北欧青銅器時代は(地中海地方との比較でも)温暖な気候が特徴であり人口も比較的集積しやすかったが、(三度続く冬の伝説を想起させる)気候の寒冷化により終わりを告げた。この気候変動ゆえにゲルマン族は大陸ヨーロッパを南下したらしい。この時代の東ヨーロッパにはスカンディナヴィアの影響が見られた。そして1000年後にランゴバルド族、ブルグント族、ゴート族、Herulsなどの東ゲルマン諸族が自らの起源をスカンディナヴィアにあると主張したことが、歴史家ヨルダネスの著作『ゴート史(Getica)』でスカンディナヴィアが「民族の母胎」と著される拠りどころとなった。

前ローマ鉄器時代 [編集]

北欧青銅器時代は、気候が寒冷化、湿潤化して悪化したことによって終わり、前ローマ鉄器時代に移行した。この時代は、考古学上の発掘物があまり見られない時代として知られる。また、ゲルマン人が地中海世界やローマ人に知られるようになった時代でもある。

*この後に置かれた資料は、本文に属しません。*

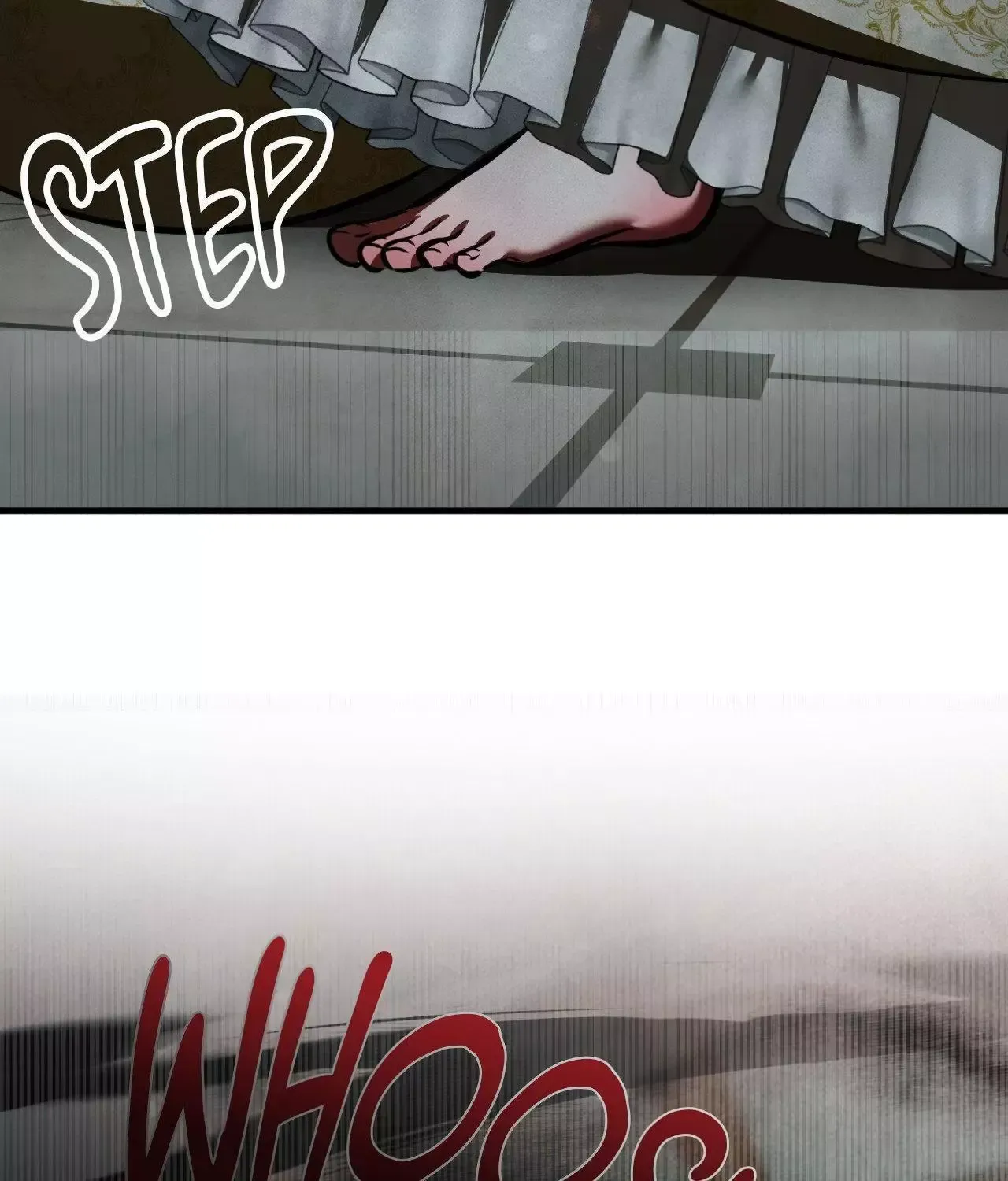 I Became the First Love of My Stepson Chapter 48 page 77 - 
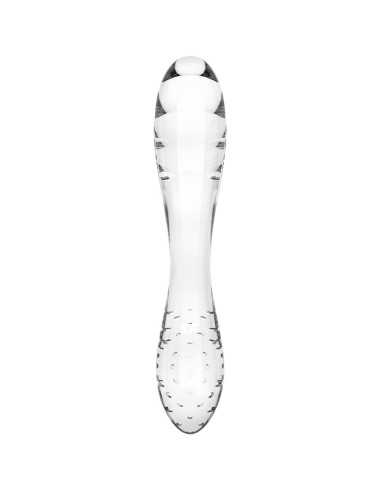 Satisfyer Schillernder Transparenter...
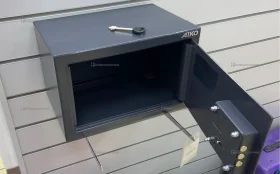 Купить Сейф 5кг б/у , в Тольятти Цена:3500рублей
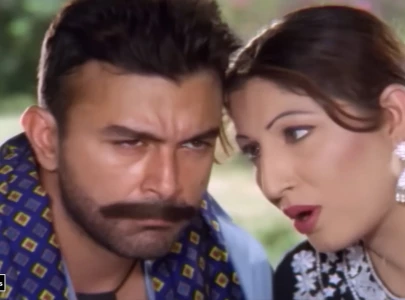 the politics of a punjabi song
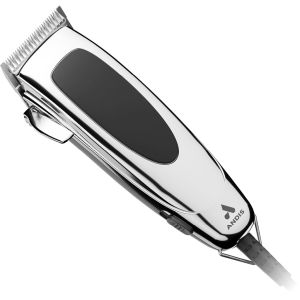 Andis Clipper Whisper 15P
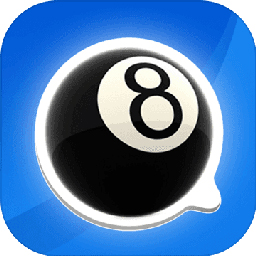 beat365在线体育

初期においては、鉄は貴重なものであり、装飾に使われていた。最古の鉄器は針であったが、剣や鎌なども見つかっている。青銅も依然として使用されていたが、用途は装飾用がほとんどであった。青銅器時代の文化はある程度受け継がれていたが、中央ヨーロッパのハルシュタット文明から影響も強く受けている。遺体を火葬して遺骨を骨壷に納めるという青銅器時代からの習慣も続いていた(Urnfield文化も参照)。後期には、中央ヨーロッパのラ・テーヌ文化の影響も北西ドイツを経由してスカンディナヴィアへ広がっていった。この時代の遺物はスカンディナヴィア南部のあらゆる地域で見られる。この時期以降については、剣、盾飾り、槍の穂先、はさみ、鎌、ペンチ、ナイフ、針、バックル、やかんなどの出土物が見られるようになる。青銅は首鎖ややかんに使われており、様式も青銅器時代のものを受け継いでいる。また、特筆すべき出土物として、ユトランド半島で見つかったダイビャーヴの牛車という車の軸受けや装飾に青銅の部品を用いた木製の四輪車が挙げられる。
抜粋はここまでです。